==== Provided material
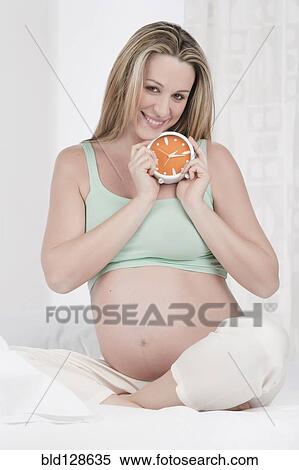 Stock Photography - Pregnant Caucasian woman holding alarm clock. Fotosearch
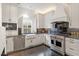 Bright kitchen features stainless appliances, white cabinets, and a farmhouse sink at 321 E Lane St, Raleigh, NC 27601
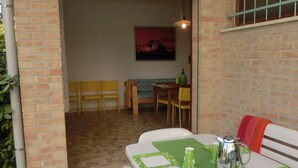 Un coin repas avec une table dressée pour deux personnes, un chemin de table vert et une cafetière en argent.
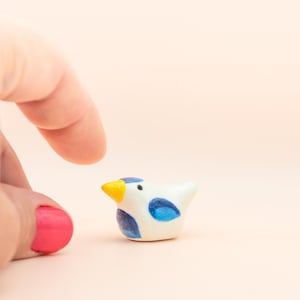 May include: A small ceramic bird figurine with blue and yellow accents. The bird is white with blue wings and a yellow beak. The figurine is sitting on a light pink surface.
========
--- The task ---
The required answer is an exact copy of the lines from the one containing "Bright kitchen features" through the last line of the material, with the pictures removed.

--- Solved problem ---
 Bright kitchen features stainless appliances, white cabinets, and a farmhouse sink at 321 E Lane St, Raleigh, NC 27601
 Un coin repas avec une table dressée pour deux personnes, un chemin de table vert et une cafetière en argent.
 May include: A small ceramic bird figurine with blue and yellow accents. The bird is white with blue wings and a yellow beak. The figurine is sitting on a light pink surface.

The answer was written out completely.